The SEC commenced enforcement proceedings against the former senior partner of a large private equity firm for charging personal expenses to the funds he advised. According to the SEC, the senior partner used his corporate credit card for personal expenses that his firm allocated to the funds. The funds’ governing documents allowed reimbursement for expenses incurred relating to investments and operations including out-of-pocket expenses for business and travel expenses. Although the conduct occurred over a 3-year period and the company detected unlawful expenses, the senior partner continued to submit false expense reports for which he was reimbursed. The firm ultimately terminated the senior partner after he reimbursed the funds for over $290,000 in personal expenses.
OUR TAKE: Private equity firms could avoid these problems by only charging management fees (and carry) and end this practice of charging the fund for out-of-pocket expenses. Any expense reimbursement issues would be the private matter between the firm and its employees.
A private equity firm agreed to pay over $3.4 Million to settle charges that it failed to allocate broken deal expenses to co-investment funds as far back as 2004. The private equity funds reimbursed the respondent for broken deal expenses including costs incurred to develop, negotiate, and structure potential transactions that were never consummated. The SEC faults the firm, which registered in 2012, for failing to disclose that the funds would pay the broken deal expenses allocable to co-investment vehicles utilized by insiders. The SEC asserts violations of the Advisers Act’s antifraud provision (206(2)) and the compliance rule (206(4)-7) for failing to implement a written compliance policy or procedure governing broken deal expense allocation practices.
OUR TAKE: The SEC reaches all the way back to 2004 to calculate disgorgement even though the firm did not register until 2012. Private fund firms that registered in 2012 should re-examine their expense allocation practices for years prior to 2012 and consider LP reimbursement before the SEC brings a public enforcement case.

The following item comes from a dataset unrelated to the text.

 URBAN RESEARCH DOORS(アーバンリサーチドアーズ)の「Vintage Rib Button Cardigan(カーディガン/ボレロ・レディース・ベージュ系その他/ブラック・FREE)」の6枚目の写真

The SEC fined and censured a private equity manager and its principals for unlawfully charging the fund both portfolio company expenses and adviser overhead expenses. The PE manager charged the fund certain consulting expenses provided to a portfolio company without offsetting the management fee as required by the LPA. The PE manager also charged overhead expenses including employee compensation, rent, and the costs of responding to the SEC examination/enforcement. The SEC charges that the expenses were not authorized in the fund’s organizational or disclosure documents. The SEC asserts violations of the Advisers Acts antifraud provisions as well as the compliance rule (206(4)-7) for failing to adopt and implement reasonable policies and procedures. As part of its remediation, the PE firm agreed to hire a new Chief Compliance Officer.
OUR TAKE: It really is better to build a legitimate compliance infrastructure before the SEC arrives rather than in response to an enforcement action. An ounce of compliance prevention can avoid the reputation-crushing havoc of an SEC enforcement action.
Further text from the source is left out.